Summer on Nantucket

by L. James Hammond
© L. James Hammond 2018

When I was a kid, my family spent summers on Nantucket Island. My brother, my sister and I had friends in the neighborhood, kids who came to Nantucket for a week or a month or the whole summer. We made friends so easily! Anyone who was our age was our friend and was included in our games.

During the daytime, we played a game called “capture the flag”. A rope was laid across a lawn, and the team on one side of the rope would try to imprison members of the other team, and would also try to capture the other team’s flag and bring it back to their side of the rope. You could imprison members of the other team by dragging them across the rope, or by tagging them when they made a dash for your team’s flag. And those whom you took prisoner had to sit on a fence at the back of your territory until the end of the game.

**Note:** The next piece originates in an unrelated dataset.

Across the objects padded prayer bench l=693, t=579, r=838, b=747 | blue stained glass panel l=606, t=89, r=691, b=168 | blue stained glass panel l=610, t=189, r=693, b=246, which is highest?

Flirtations and romances sometimes diverted the older kids from our games, and those of us who wanted to play had to beg the romantically-inclined ones to participate. And sometimes I was commissioned by one of the older guys to relay to my sister an invitation to walk with him on the beach.

Once a year we had a “sleep out”, and all of us would carry sleeping bags to a hollow in the dunes where there wasn’t any dune grass. We’d dig a pit, build a fire, and cook some food. One of the older kids would strum a guitar and sing. When we were “sleeping out”, we woke up early and our sleeping bags were damp with dew and there was sand in our hair.

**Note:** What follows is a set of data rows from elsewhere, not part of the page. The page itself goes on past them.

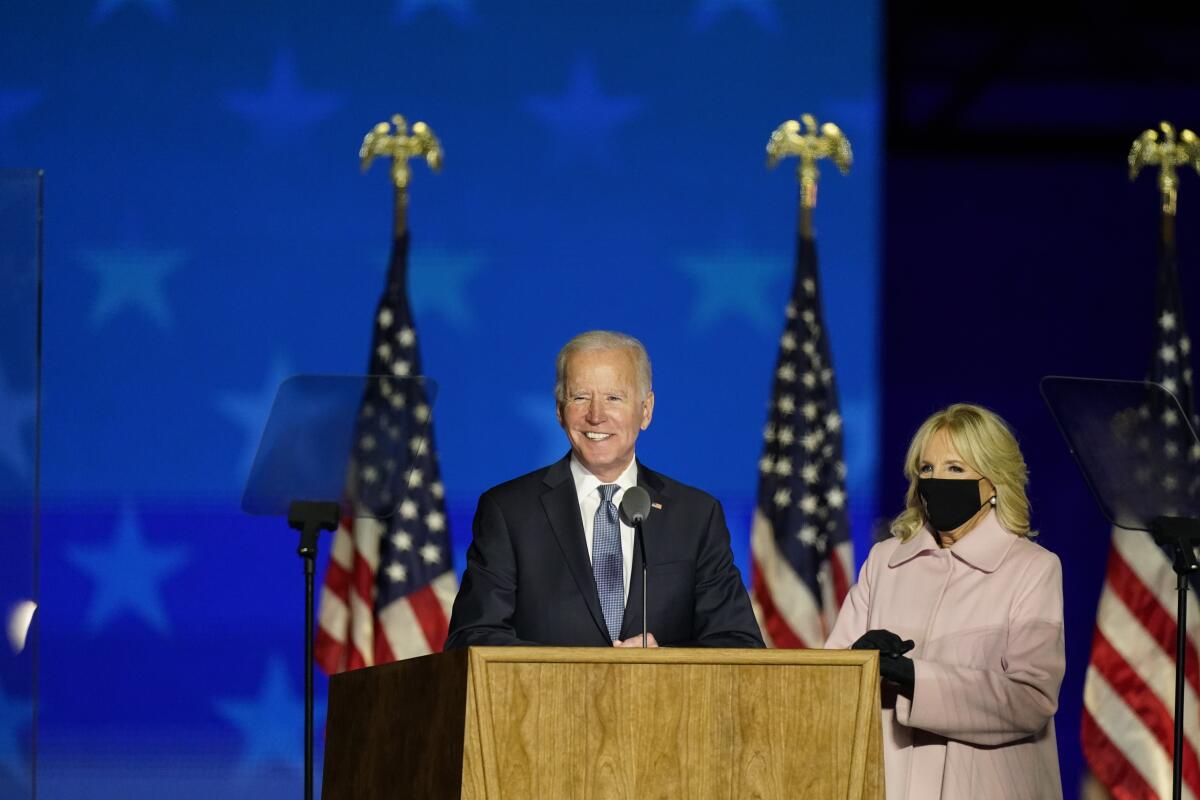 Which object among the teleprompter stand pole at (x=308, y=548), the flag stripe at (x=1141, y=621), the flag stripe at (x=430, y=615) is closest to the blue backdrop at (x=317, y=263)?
the flag stripe at (x=430, y=615)

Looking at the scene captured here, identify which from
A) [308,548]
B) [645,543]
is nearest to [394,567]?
[308,548]

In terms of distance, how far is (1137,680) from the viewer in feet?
17.9

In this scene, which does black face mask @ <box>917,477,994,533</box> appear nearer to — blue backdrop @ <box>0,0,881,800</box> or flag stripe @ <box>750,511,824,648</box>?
flag stripe @ <box>750,511,824,648</box>

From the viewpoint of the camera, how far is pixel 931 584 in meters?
3.19

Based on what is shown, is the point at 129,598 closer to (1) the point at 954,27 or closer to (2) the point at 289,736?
(2) the point at 289,736

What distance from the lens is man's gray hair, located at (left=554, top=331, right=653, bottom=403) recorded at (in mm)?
3244

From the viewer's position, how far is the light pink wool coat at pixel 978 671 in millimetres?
2959

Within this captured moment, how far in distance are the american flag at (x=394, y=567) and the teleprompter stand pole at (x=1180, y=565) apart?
276cm

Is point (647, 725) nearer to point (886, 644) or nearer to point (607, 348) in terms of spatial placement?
point (886, 644)

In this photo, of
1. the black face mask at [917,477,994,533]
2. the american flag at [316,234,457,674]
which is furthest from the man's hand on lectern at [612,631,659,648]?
the american flag at [316,234,457,674]

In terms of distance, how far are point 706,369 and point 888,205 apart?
35.9 inches

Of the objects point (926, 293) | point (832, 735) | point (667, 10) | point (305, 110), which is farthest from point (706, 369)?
point (832, 735)

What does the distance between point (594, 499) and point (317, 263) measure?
2879mm

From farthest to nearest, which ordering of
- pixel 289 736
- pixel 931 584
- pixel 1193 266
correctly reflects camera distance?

Around our house were rose hip bushes, which produced, at a certain point in the summer, a fruit called a rose hip, which is about half the size of a golf ball. We’d pick rose hips and store them in pails and pots, in order to throw them at people. We removed their stems, so that they could be thrown with greater velocity. They have a hard outer shell, so they sting when they hit you. We’d climb onto our roof with our collection of rose hips and crouch behind the crest of the roof, and when a car or a bicycle came by, we’d open fire. My grandmother always reproached us for throwing rose hips, since she thought rose hips should be used for making jam and jelly.

One of my favorite activities was biking downtown for an early-morning pancake breakfast, or a late-afternoon milk-shake at the pharmacy, or a loaf of bread from the bakery. If my friend was feeling lazy, and didn’t want to ride, I’d let him sit on the back of my bike. If we reached town early, Main Street was quiet, except perhaps for a street-cleaning machine. Sometimes the restaurant wasn’t open yet, so we’d spend an hour riding around the bandstand, or biking on back streets. A breakfast of pancakes and water cost 60 cents. My sister, who was a waitress herself, said we should leave a tip for the waitress, but I don’t think we did. To earn money, we’d offer to work around the house — wash dishes, empty garbage pails, etc.

I liked to make the big, 10-mile ride to Sconset. All summer, I’d ask people to ride to Sconset with me, and perhaps once a year my mother or brother would say yes. I liked the challenge of the long ride, and I liked to put miles on my odometer. Eventually, I reached my goal of one thousand miles.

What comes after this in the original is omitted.